A corporate fast food outlet at Ramstein Air Base was destroyed by fire after an employee used a blowtorch to burn weeds. (It is hard to write satire in an age brimming with this much irony.) Stars and Stripes |
June, 2016 "Thousands of Germans surround Ramstein Air Base to protest the US's use of drones" by Carolyn Copley, Business Insider |
The organization "Stop Ramstein -- No Drone War" will hold a weekend of action August 12-13 this year. From their website:
The US military base Ramstein is a central hub for the preparation and implementation of international attacks. The deadly operations of American combat drones, including in Iraq, Afghanistan, Yemen and Syria, are carried out through the satellite relay station at the US Air Base Ramstein resulting in tens of thousands of victims, the majority of whom were uninvolved civilians.
Other activists would like to close the base altogether as part of a campaign to close the estimated 800-1,000 military bases the U.S. maintains abroad.
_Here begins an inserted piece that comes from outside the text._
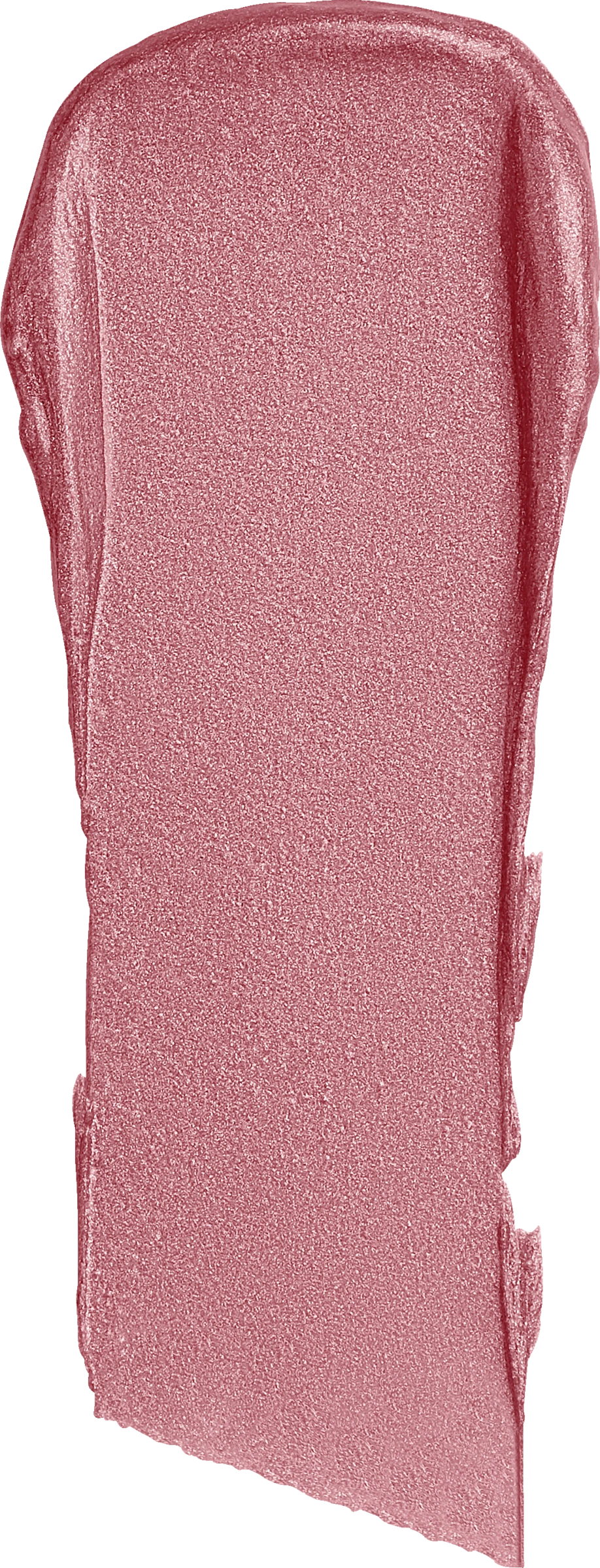 Max Factor Colour Elixir Lipstick 030 Rosewood 4 Max Factor Colour Elixir Lipstick 030 Rosewood – Bild 2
Details on that campaign may be found here.
As the Pentagon has moved ever more in the direction of contracting with corporations like Burger King to feed soldiers and airmen, the cost to taxpayers of maintaining these outposts of capitalist imperialism has likewise grown. That is, taxpayers in Germany, Japan and Korea.
Gone are the days when Beetle Bailey peeled potatoes on K.P. (kitchen patrol), a staple of my childhood funny papers. Now Beetle would be a joystick warrior killing remotely viewed people he would refer to as "bug splats" after murdering them; now Beetle would have PTSD from doing this kind of military "service" for my government.
And a German employee of a U.S. corporation can accidentally sets a fast food franchise outlet on fire while using a blow torch to burn unsightly weeds.
Not to worry. Burger King has announced it will rebuild.
"Nabila Rehman, 9, holds up a picture she drew depicting the US drone strike on her Pakistan village which killed her grandmother. Photograph: Jason Reed/Reuters" Guardian 2013 |
Anti-drone activists have long objected to the use of remote controlled technology to murder innocent victims. Organizer Elsa Rassbach told me recently that they believe banning drone operations from Ramstein AB is within the realm of possibility. Closing the base is probably not.
I have a lot of respect for Elsa's work (and, she may be correct) but I am going to cling to my idealistic notion that ALL U.S. military outposts around the planet can and should be closed, permanently -- for the environment, for the local community, and certainly not least for the victims.